━━━ DATASET RECORDS
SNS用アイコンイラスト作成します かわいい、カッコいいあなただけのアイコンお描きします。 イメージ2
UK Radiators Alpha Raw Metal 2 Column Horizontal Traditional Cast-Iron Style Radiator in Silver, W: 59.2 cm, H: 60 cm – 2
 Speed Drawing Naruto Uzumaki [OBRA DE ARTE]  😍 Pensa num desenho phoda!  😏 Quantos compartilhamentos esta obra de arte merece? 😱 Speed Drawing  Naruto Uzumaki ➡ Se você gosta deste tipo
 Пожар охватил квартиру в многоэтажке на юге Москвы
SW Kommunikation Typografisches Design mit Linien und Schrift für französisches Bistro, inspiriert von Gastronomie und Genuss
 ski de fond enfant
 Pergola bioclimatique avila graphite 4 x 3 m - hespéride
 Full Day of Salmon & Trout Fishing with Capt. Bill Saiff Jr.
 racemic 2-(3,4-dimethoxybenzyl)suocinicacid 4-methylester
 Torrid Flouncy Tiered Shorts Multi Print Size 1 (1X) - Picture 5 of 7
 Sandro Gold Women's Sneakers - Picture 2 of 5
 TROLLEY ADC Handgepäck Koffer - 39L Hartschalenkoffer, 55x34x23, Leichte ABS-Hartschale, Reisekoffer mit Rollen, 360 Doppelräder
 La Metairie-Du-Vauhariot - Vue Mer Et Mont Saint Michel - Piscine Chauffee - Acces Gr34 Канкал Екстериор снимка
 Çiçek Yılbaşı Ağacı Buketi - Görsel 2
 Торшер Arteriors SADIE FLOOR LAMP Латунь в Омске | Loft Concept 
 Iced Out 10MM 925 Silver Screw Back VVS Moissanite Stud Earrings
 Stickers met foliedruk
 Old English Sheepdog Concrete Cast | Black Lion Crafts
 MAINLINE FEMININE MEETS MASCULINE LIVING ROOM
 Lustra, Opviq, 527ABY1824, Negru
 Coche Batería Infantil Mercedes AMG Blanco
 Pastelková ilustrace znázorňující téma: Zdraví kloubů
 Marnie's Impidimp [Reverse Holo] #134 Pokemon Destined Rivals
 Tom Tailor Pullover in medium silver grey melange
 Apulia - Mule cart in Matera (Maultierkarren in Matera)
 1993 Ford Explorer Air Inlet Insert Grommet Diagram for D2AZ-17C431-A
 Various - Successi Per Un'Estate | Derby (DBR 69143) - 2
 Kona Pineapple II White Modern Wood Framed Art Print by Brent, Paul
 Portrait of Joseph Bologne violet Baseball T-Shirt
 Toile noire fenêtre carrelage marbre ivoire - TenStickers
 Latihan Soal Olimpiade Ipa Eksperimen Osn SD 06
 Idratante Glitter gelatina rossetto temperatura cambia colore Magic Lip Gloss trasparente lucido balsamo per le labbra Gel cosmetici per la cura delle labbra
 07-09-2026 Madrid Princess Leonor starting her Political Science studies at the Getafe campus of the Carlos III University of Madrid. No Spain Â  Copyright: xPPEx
━━━━━━
_ABOUT THIS TASK_. Retype, exactly and only, the lines running from the one with "Kona Pineapple II" through the final line of the listing above.

_FINISHED TASK_.
 Kona Pineapple II White Modern Wood Framed Art Print by Brent, Paul
 Portrait of Joseph Bologne violet Baseball T-Shirt
 Toile noire fenêtre carrelage marbre ivoire - TenStickers
 Latihan Soal Olimpiade Ipa Eksperimen Osn SD 06
 Idratante Glitter gelatina rossetto temperatura cambia colore Magic Lip Gloss trasparente lucido balsamo per le labbra Gel cosmetici per la cura delle labbra
 07-09-2026 Madrid Princess Leonor starting her Political Science studies at the Getafe campus of the Carlos III University of Madrid. No Spain Â  Copyright: xPPEx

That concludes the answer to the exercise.